Lithium Americas has officially finalized its joint venture agreement with General Motors (GM) to develop the Thacker Pass lithium mine in Nevada. This partnership aims to enhance domestic lithium production, which is an essential resource for electric vehicle (EV) batteries.
As part of the agreement, GM will invest $625 million, securing a 38% stake in the Thacker Pass project. This investment will consist of both cash and a credit facility.
It is important to note that Thacker Pass, located in northern Nevada, is projected to become one of the largest lithium mines in the United States. In its initial phase, it is expected to produce 40,000 metric tons of battery-grade lithium carbonate annually. This production volume is sufficient to support manufacturing up to 800,000 electric vehicles annually, highlighting the project’s significance for the EV market.
Strategic and financial backing
The Thacker Pass project has received strong support from both public and private sectors, including:
- In 2023, the U.S. government approved a $2.26 billion loan to advance the mine’s development.
- While this financial backing was finalized during the Biden Administration, the project received its initial green light under President-elect Donald Trump, highlighting bipartisan recognition of its strategic importance.
According to Jonathan Evans, CEO of Lithium Americas, the company is targeting a final investment decision in early 2025, signaling the next critical milestone in the mine’s development.

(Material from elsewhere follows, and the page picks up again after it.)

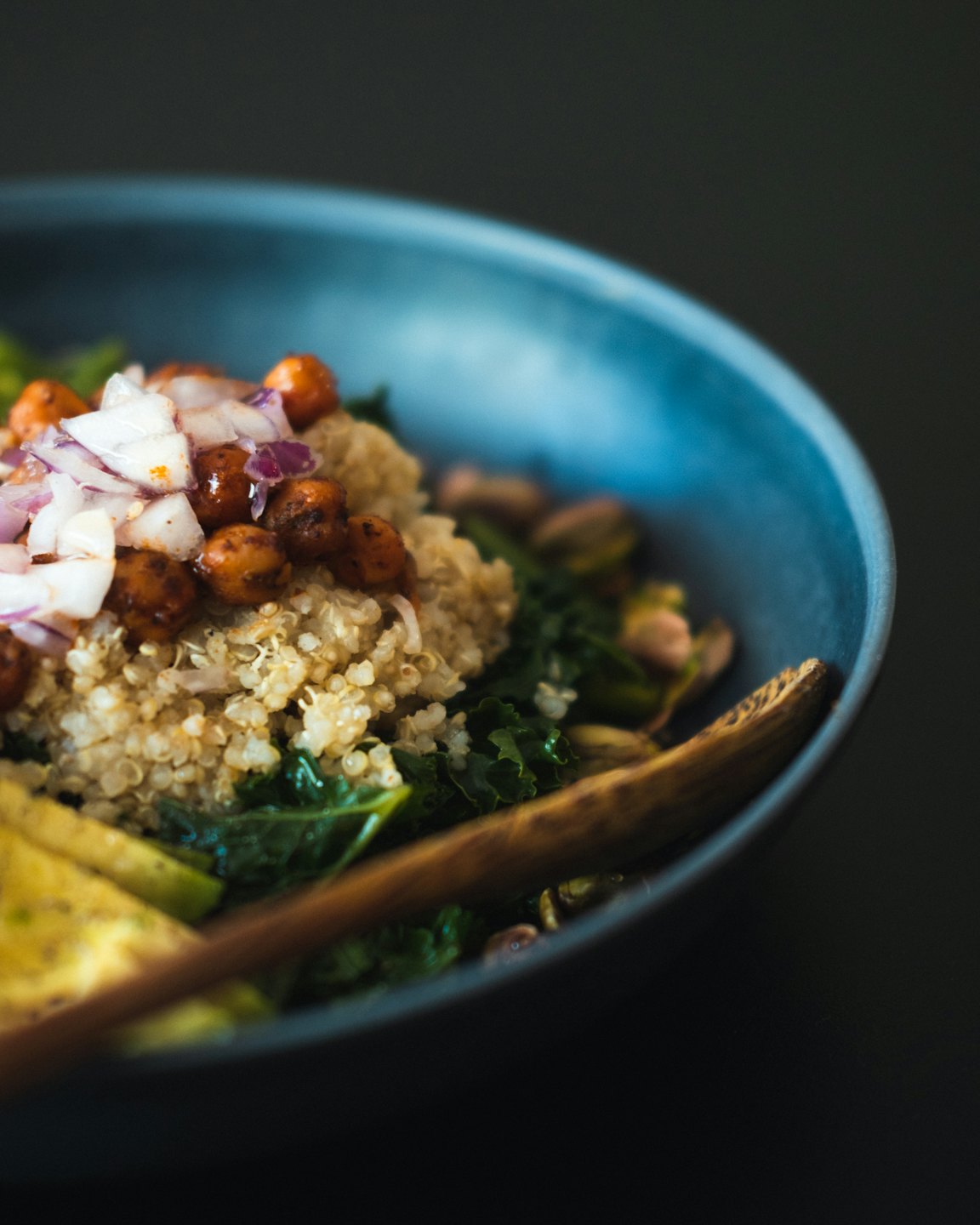 Healthy grain bowl with quinoa, kale, and chickpeas.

Construction is expected to ramp up, with production anticipated to commence later this decade.
For GM, this partnership reflects a strategic effort to secure a reliable, domestic lithium supply, reducing dependence on foreign sources as EV production accelerates. As automakers face increasing pressure to meet electrification goals, the development of Thacker Pass represents a pivotal step in stabilizing the North American battery supply chain.